Set down word for word the lines that begin the entries and run through the line containing "Couple embraces on". Give nothing further.
Start of GIVEN RECORDS
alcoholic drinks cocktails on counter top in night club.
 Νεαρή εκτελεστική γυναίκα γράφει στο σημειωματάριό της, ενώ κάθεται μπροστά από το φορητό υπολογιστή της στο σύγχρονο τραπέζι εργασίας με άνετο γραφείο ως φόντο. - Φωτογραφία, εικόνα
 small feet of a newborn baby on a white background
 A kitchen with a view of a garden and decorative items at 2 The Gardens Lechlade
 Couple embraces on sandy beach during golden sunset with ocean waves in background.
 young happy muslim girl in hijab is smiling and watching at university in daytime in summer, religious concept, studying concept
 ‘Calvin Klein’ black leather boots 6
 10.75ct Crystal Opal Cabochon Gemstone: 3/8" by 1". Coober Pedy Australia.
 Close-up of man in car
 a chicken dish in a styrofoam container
End of GIVEN RECORDS
• _WRITTEN RESPONSE_:
alcoholic drinks cocktails on counter top in night club.
 Νεαρή εκτελεστική γυναίκα γράφει στο σημειωματάριό της, ενώ κάθεται μπροστά από το φορητό υπολογιστή της στο σύγχρονο τραπέζι εργασίας με άνετο γραφείο ως φόντο. - Φωτογραφία, εικόνα
 small feet of a newborn baby on a white background
 A kitchen with a view of a garden and decorative items at 2 The Gardens Lechlade
 Couple embraces on sandy beach during golden sunset with ocean waves in background.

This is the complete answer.